- Born: May 25, 1938 Ponca City, Oklahoma, U.S.
- Died: August 13, 2016 (aged 78) Stanford, California, U.S.
- Education: San Jose State University Stanford University
- Occupations: Poet; playwright; speaker; author;
- Writing career
- Language: English
- Notable works: Marked by Fire Bright Shadow Brown Honey in Broomwheat Tea The Blacker the Berry
- Notable awards: National Book Award (1983) American Book Award

= Joyce Carol Thomas =

American writer

Joyce Carol Thomas (May 25, 1938 – August 13, 2016) was an American poet, playwright, motivational speaker, and author of more than 30 children's books.

==Background==
Thomas was born in Ponca City, Oklahoma, the fifth of nine children in a family of cotton pickers.

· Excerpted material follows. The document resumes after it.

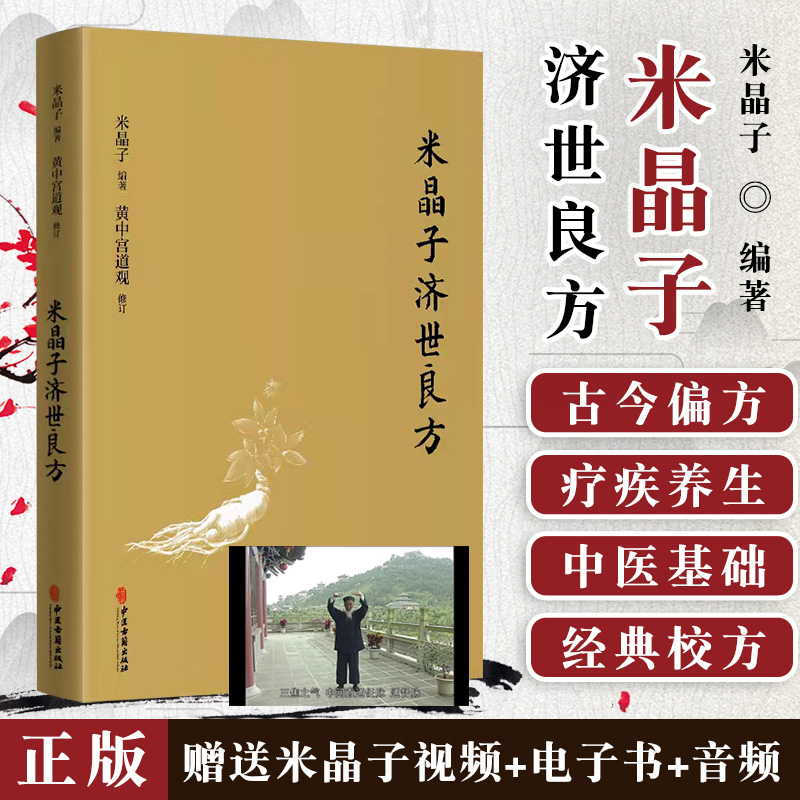 米晶子济世良方正版黄中宫道观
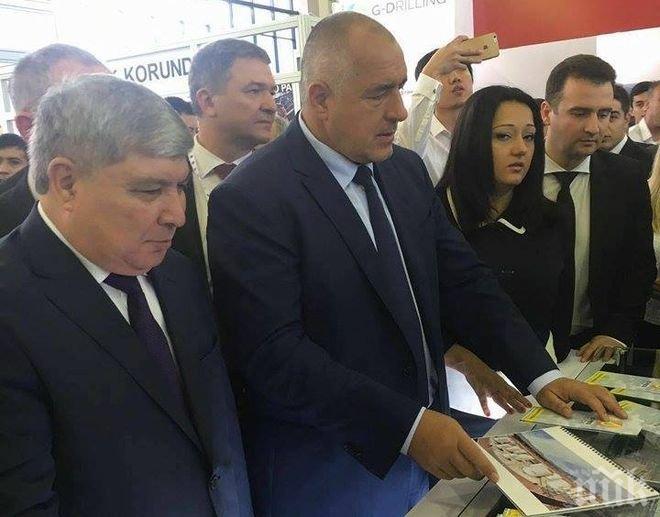 Борисов от Узбекистан: Отношенията ни са пример за добро сътрудничество (СНИМКИ)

In 1948 they moved to Tracy, California, to pick vegetables. She learned Spanish from Mexican migrant workers and earned a B.A. in Spanish from San Jose State University. She took night classes in education at Stanford University, while raising four children, and received the master's degree in 1967.

==Published works==
Novels
- Marked by Fire (1982)
- Bright Shadow (1983)
- The Golden Pasture (1986)
- Water Girl (1986)
- Journey (1988)
- When the Nightingale Sings (1992)
- House of Light (2001)
- Healer (2007)

Poetry
- Bittersweet (1973)
- Crystal Breezes (1974)
- Blessing (1975)
- Black Child (1981)
- Inside the Rainbow (1982)
- Brown Honey in Broomwheat Tea (1993)
- Gingerbread Days (1995)
- Crowning Glory (1996)
- A Mother’s Heart, A Daughter’s Love (2001)
- The Blacker the Berry (2008)

Picture Books
- Cherish Me (1998)
- You Are My Perfect Baby (1999)
- The Angel’s Lullaby (2001)
  - Alternatively titled The Angel's Lullabye
- Joy (2001)
- The Gospel Cinderella (2004)
- The Six Fools (2005)
- Shouting! (2006)
- The Three Witches (2006)

Books for Children
- I Have Heard of a Land (1998)
- The Bowlegged Rooster (2000)
- Hush Songs (2000)
- The Skull Talks Back (2004)
- What’s the Hurry, Fox? (2004)
- In the Land of Milk and Honey (2012)

Non-Fiction
- Linda Brown, You Are Not Alone (2003)

Anthologies
- I Believe in Water (2000)
- Necessary Noise (2003)
- A Gathering of Flowers: Stories about Being Young in America (1990) as Editor

Plays
- Look! What a Wonder! Berkeley (1976) Community Theatre, Berkeley, CA
- A Song in the Sky Montgomery Theater, San Francisco. 1976
- Magnolia (1977) Old San Francisco Opera House, San Francisco, CA
- Ambrosia (1978) Little Fox Theatre, San Francisco,CA
- Gospel Roots (1989) California State University, Carson City, CA
- I Have Heard of a Land (1989) Classen Theatre, Oklahoma City, OK
- When the Nightingale Sings (1991) Clarence Brown Theatre, University of Tennessee, Knoxville, TN
- A Mother’s Heart (2001) The Marsh, San Francisco, CA

==Literary awards==
For her 1982 novel Marked by Fire, Thomas won a National Book Award in category Children's Fiction (paperback)
and an American Book Award.
Thomas has been one of three to five finalists for the Coretta Scott King Award thrice, in 1984 for Bright Shadow, in 1994 for Brown Honey in Broomwheat Tea, and in 2009 for The Blacker the Berry. Part of the American Library Association program, the King Award annually recognizes the "most distinguished portrayal of African American experience in literature for children or teens".
She also received a New York Times Outstanding Book of the Year Award and an Outstanding Woman of the 20th Century Award.

==Personal life==
Thomas resided in Berkeley, California. She died on August 13, 2016, at the age of 78.